Luckily, things lighten up a little bit with the next entry, Michelle Silva’s Amor Peligrosa, the only horror-comedy in the mix and which can be adequately described as skeleton porn. It really gets the porn right and is a real hoot.

While the majority of the films in the compilation are relatively modern, two of them are culled from the ’60s. The first one is Psych-Burn, directed by J.X. Williams in 1968. The film captures the decade perfectly and, in psychedelically sublime fashion, offers what you want to see in cheezy horror — a flash of boobies, a flash of skull and trippy visual effects.

Damon Packard‘s Early 70’s Horror Trailer may have been directed nearly thirty years after Psych-Burn, but yes the film is a dead-on recreation of what the trailer says. Mostly, terrified young naifs, as if chased by an unseen pursuer, run like hell all over Los Angeles. Where the real genius of the film lies is in the architecture Packard situates his starlets in front of, all of which looks like it was built in the ’70s. Packard, of course, has the lighting, costuming and optical effects down pat. But to figure out the perfect buildings to structure his action around? Brilliant.

Past in future collide in Wago Kreider’s Between 2 Deaths, which intercuts Vertigo footage of Jimmy Stewart following Kim Novak through a cemetary towards the infamous church bell tower with modern-day cemetary footage. The effect is eerily haunting.

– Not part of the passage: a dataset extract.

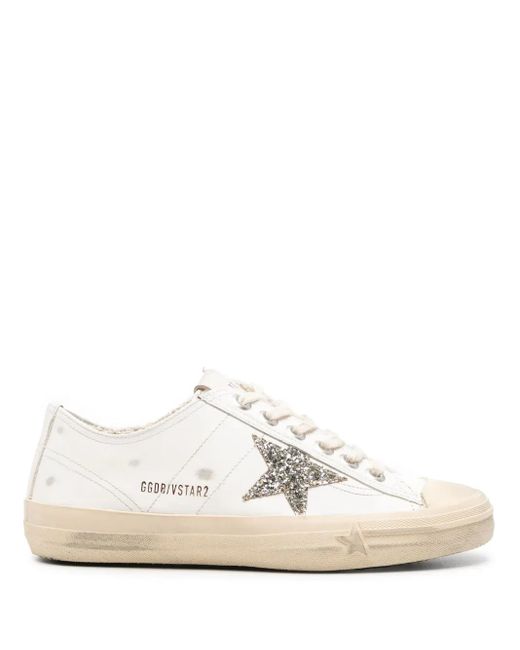 Golden Goose Deluxe Brand White V-Star 2 Sneakers Im Used-Look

It might be kind of a stretch to call She Sank on Shallow Bank, directed by Clifton Childree and starring dancer Nikki Rollason, an artsy cousin to “torture porn,” but I will anyway. A woman, that would be Rollason, is tormented by inanimate objects while being held down on the seaside. Meanwhile, an empty bed thrashes around as if bedeviled by an invisible Linda Blair. Both storylines eventually collide in whiplash and dream-like fashion.

Lloyd M. Williams’ Opus 5 is the other ’60s film here (1961) and basically has it all: a descent into a mad scientist’s laboratory, a graveyard, skulls, rotting animals, hellish flames, a degenerate redneck and, if my eyes didn’t deceive me, Satan himself makes a brief appearance.

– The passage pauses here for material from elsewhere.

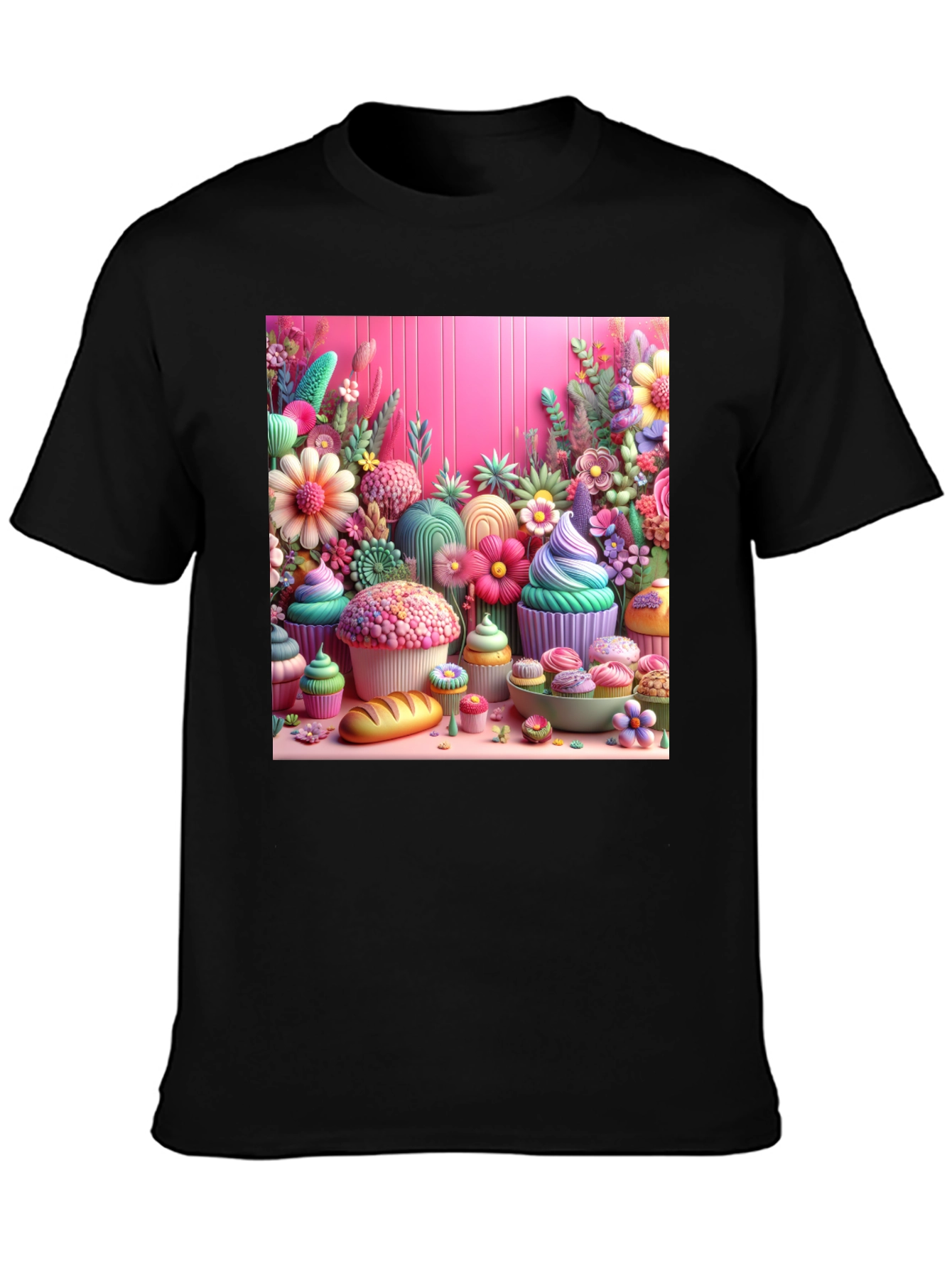 Black Sweet Treat Floral Cupcake T-Shirt view 3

The Fear, directed by Angel Nieves, is the only straight-up narrative horror film in which a woman is tormented in her home by evil forces. Despite actually having a story, as slight as it is, and no optical effects, The Fear still feels as if it belongs with its more absract cousins here, mainly because “the fear” is still as ethereal as in the other films. Plus, with the absence of typical experimental film visual tricks, Nieves instead mixes things up with different lighting color palettes for each stage of the evolving nightmare.

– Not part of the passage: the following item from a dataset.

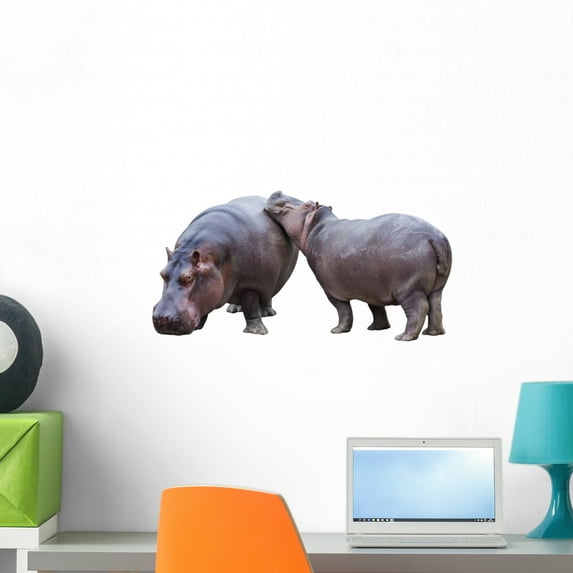 Hippopotamus Couple Wall Mural Decal by Wallmonkeys Vinyl Peel and Stick Graphic (24 in W x 16 in H)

Finally, director Bill Morrison modernizes the 1926 silent film The Bells, starring Lionel Barrymore and Boris Karloff, and calls it The Mesmerist, after Karloff’s character. Adding a new soundtrack by Bill Frisell, Morrison also includes a layer of bubbling and scratchy effects over the action, giving the already creepy film a newer spooky surreal flare. I believe Morrison also mixes up the original film’s plot a little bit, but it still seems like it’s trying to be something of a knockoff of The Cabinet of Dr. Caligari, except the moral of the story here has to be if you kill a Jew for his gold, your conscience may suffer, but you won’t be punished.

And that’s not all! There’s two extras on the DVD. One is Warhol Beyond the Grave, directed by John Allen Gibel and Jason Dowling. The pop art master is resurrected from the dead by a can of tomato soup. Gibel and Dowling get the Warhol look down pat for their zombie. Where they got one of those stripey shirts Warhol wore all the time in the ’60s, I don’t know. And while the zombie makeup is really good, the film — an excerpt from a longer work — is more of an excuse to listen to an essay on the nihilism of Andy Warhol‘s work.

The other, and last, special feature is an interactive “game” of sorts compiled by Craig Baldwin and Dennis Nyback. Click on the closet door and watch a random classic horror movie trailer like ones for The Pyx and Demon!, an old interview with Bela Lugosi and other treats.

Overall, just a really terrific — and terrifying — package.